# [INFORMATION PROVIDED]
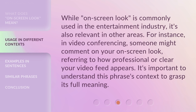While 'on-screen look' is commonly used in the entertainment industry, it's also relevant in other areas. For instance, in video conferencing, someone might comment on your on-screen look, referring to how professional or clear your video feed appears. It's important to understand this phrase's context to grasp its full meaning.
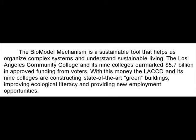The Bio-Model Mechanism is a sustainable tool that helps us organize complex systems and understand sustainable living. The Los Angeles Community College and its nine colleges earmarked $5.7 billion in approved funding from voters. With this money, the LACCD and its nine colleges are constructing state-of-the-art green buildings, improving ecological literacy, and providing new employment opportunities.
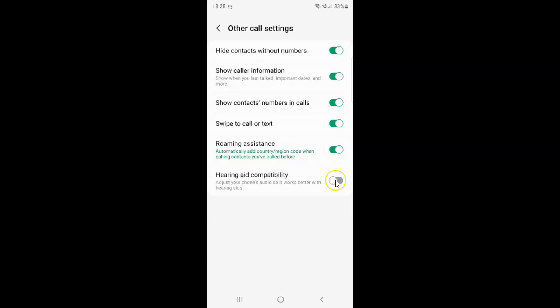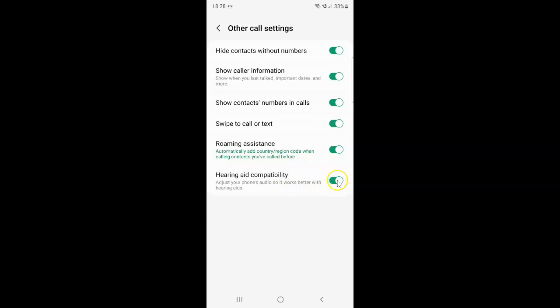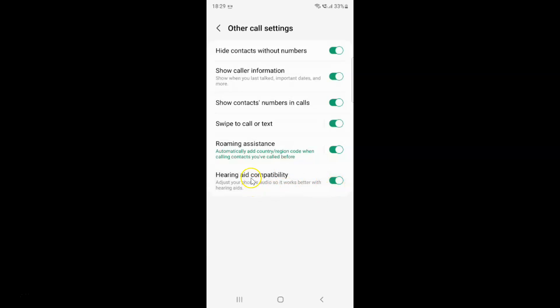Let me show you. Let me tap on it. So I want to enable hearing aid compatibility. Let me enable this toggle button. You can see it's now enabled.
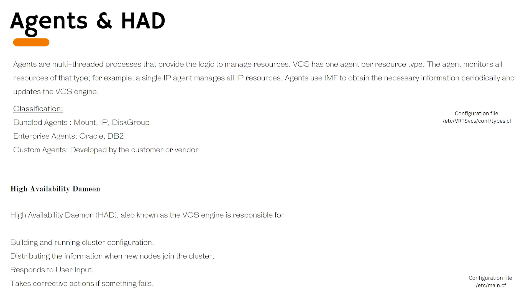That's all for this section. In the next section, we will go towards the practical part. First, we will set up the Oracle VirtualBox environment and then we will set up a two-node cluster. I will see you in the next lecture then. Thank you.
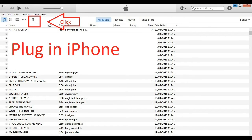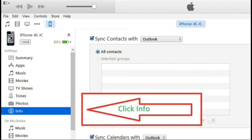After plugging in your iPhone, the icon at the top left hand corner of the screen in the shape of the iPhone will illuminate. Click on it. Now in the column on the far left hand side, under the Summary category, below in the blue highlight there, click on the word Info.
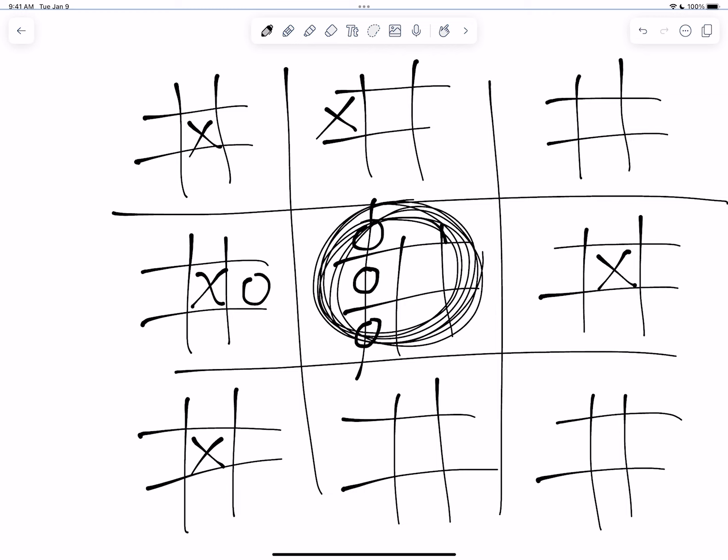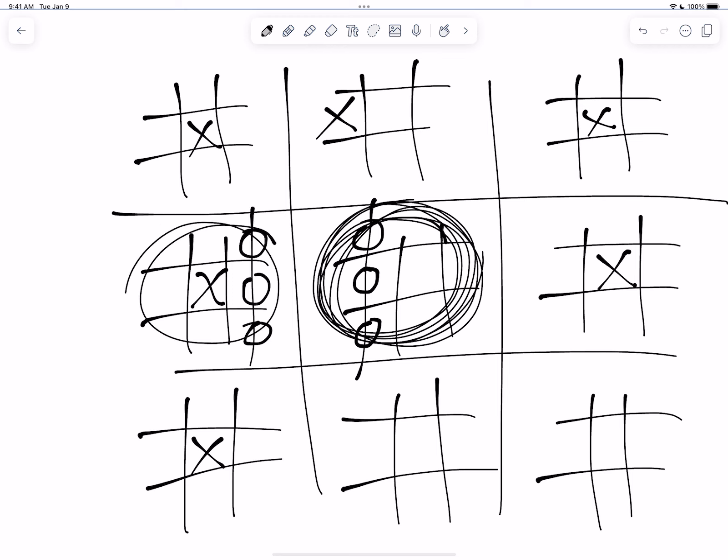So then that would typically push O back to the center board, but that board has been won. So now O can go wherever O wants to go. So O is going to go back to this board to get two in a row, which means X has to go over here. And again, X is just so stuck on that center board. So now O gets to go wherever they want to. O just won this board. Come on, X. Step up your strategy.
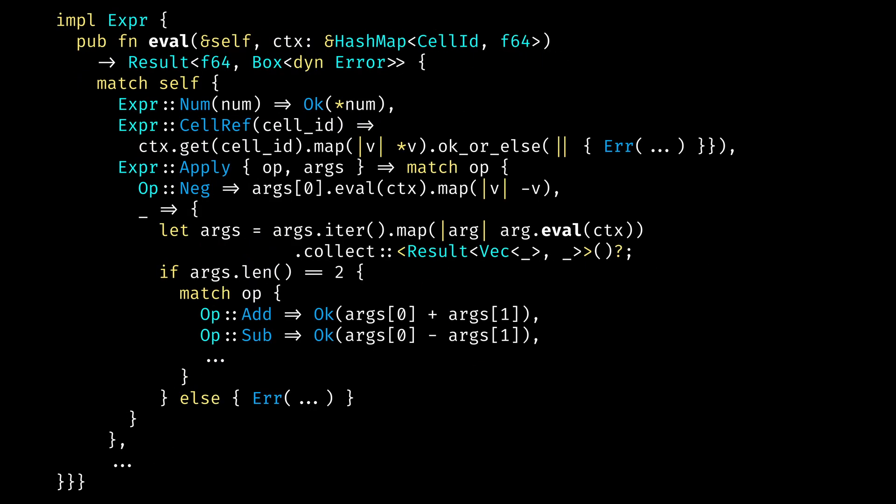If we take a quick look at how evaluation method is implemented on expression itself, we can see that we use this values hash map as a context. And then we just do recursive evaluation. So for example, if we have a reference to some cell, we will get it from the context. And if we take, for example, a binary operator, something like addition, we will call eval on each of the arguments first, passing this context, which should contain all the dependencies because we are evaluating everything in a topological order. And we collect the evaluated arguments, and then we can just apply a normal math on the values of those arguments.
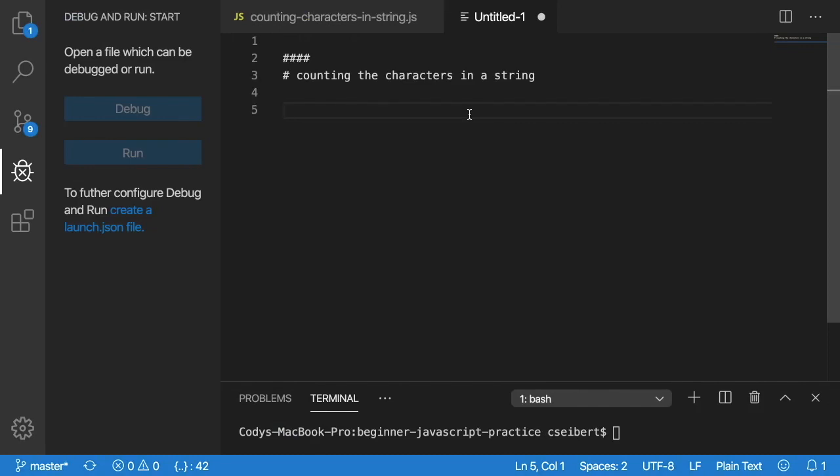Hey everyone and welcome to a video of the series beginner JavaScript practice. We're going to be covering a practice problem which is counting the number of instances a particular character appears in a string or a word.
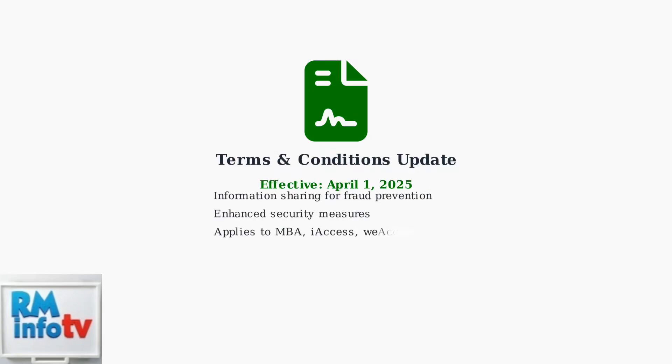Be aware of the revised terms and conditions effective April 1, 2025. LandBank may now share client deposit account information with appropriate entities to prevent fraud and scams, enhancing overall security.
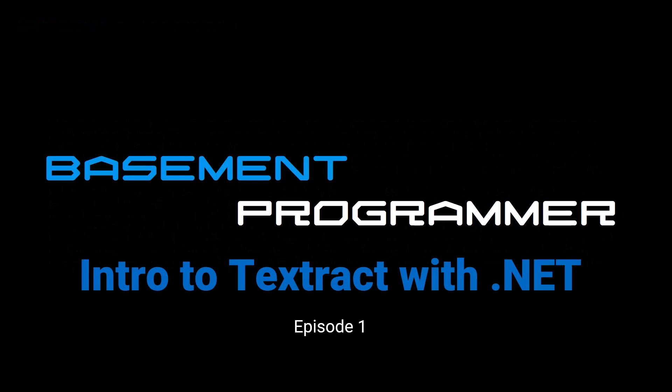Hello basement programmers and welcome to the basementprogrammer.com YouTube channel. This is Tom from basementprogrammer.com. This is the first episode in a series of videos called An Introduction to Textract with .NET. I'm breaking the series up into bite-sized chunks so that you can get going quickly and then come back for the next step when you're ready.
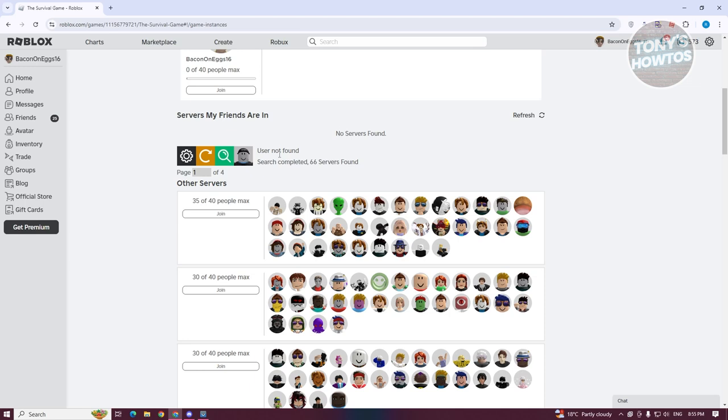If that user is present on this game or in one of these servers, this extension will notify you that this user is in here. So you might want to click on the join button here and start playing with them.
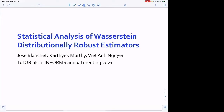Thank you for watching this tutorial. This is one of the INFORMS tutorials for the 2021 meeting. My name is Jose Blanchet, and I'm joined here by Karthik. Together we're going to deliver this tutorial. Viet wasn't able to make it, so we are going to split the tutorial between both of us. I'm going to talk about the statistics of Bayesian distributionally robust optimization estimators.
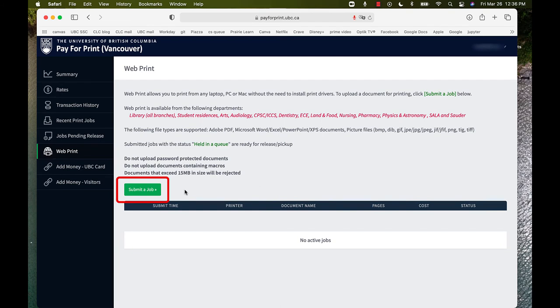So, now I will take this new PDF document and upload it to WebPrint by clicking Submit a job.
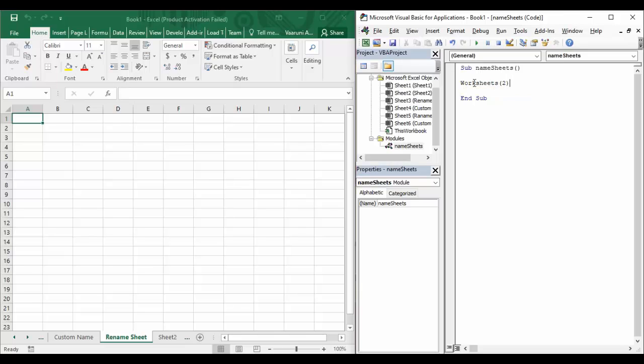Close the parenthesis and put a dot. After the dot you need to write the Name property. This will help you get the name of the sheet. Since we are not using the equals operator, we are not assigning it to anything, so VB will itself recognize that we want to get the name of the sheet at the second position. It will give us a name, but we need to store or display that name somewhere.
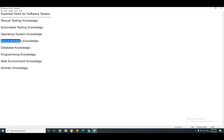Next, documentation knowledge. As a test engineer, you need to work with some documents. In automated testing, we write test cases in a tool editor and report defects in a tool — documentation is still there. In manual testing, there is even more documentation. So be familiar with MS Word documentation, Excel documentation, and PowerPoint presentations.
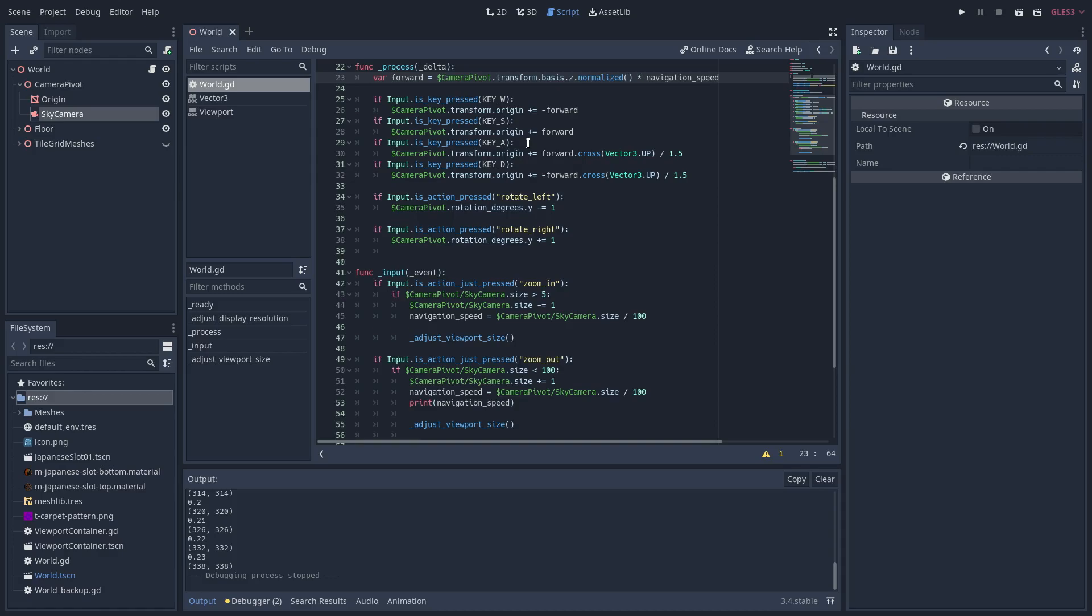To rotate the camera, I rotate the camera pivot spatial using the custom input mappings rotate left and rotate right. Again, when I rotate the camera, I'm not rotating the camera itself, rather I'm rotating the camera pivot spatial that the camera is a child of.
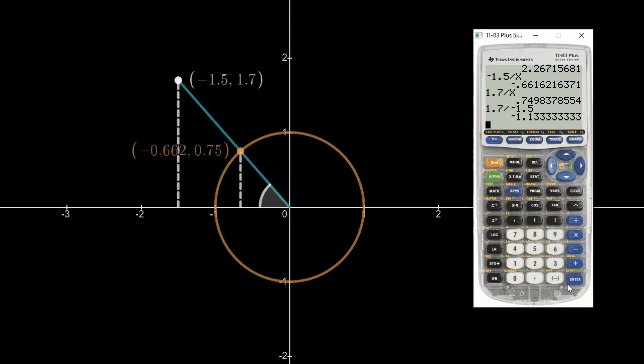You can also get the reciprocal trig ratios by simply reciprocating each of those answers that we got for the primary trig ratios.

# [ACTIVITY]
Using the records above, return word for word the lines that begin at the one containing "If we take a" and end at the one containing "Be aware of", both of them included and no pictures.

# [WRITTEN SOLUTION]
If we take a quick look at how evaluation method is implemented on expression itself, we can see that we use this values hash map as a context. And then we just do recursive evaluation. So for example, if we have a reference to some cell, we will get it from the context. And if we take, for example, a binary operator, something like addition, we will call eval on each of the arguments first, passing this context, which should contain all the dependencies because we are evaluating everything in a topological order. And we collect the evaluated arguments, and then we can just apply a normal math on the values of those arguments.
Hey everyone and welcome to a video of the series beginner JavaScript practice. We're going to be covering a practice problem which is counting the number of instances a particular character appears in a string or a word.
Be aware of the revised terms and conditions effective April 1, 2025. LandBank may now share client deposit account information with appropriate entities to prevent fraud and scams, enhancing overall security.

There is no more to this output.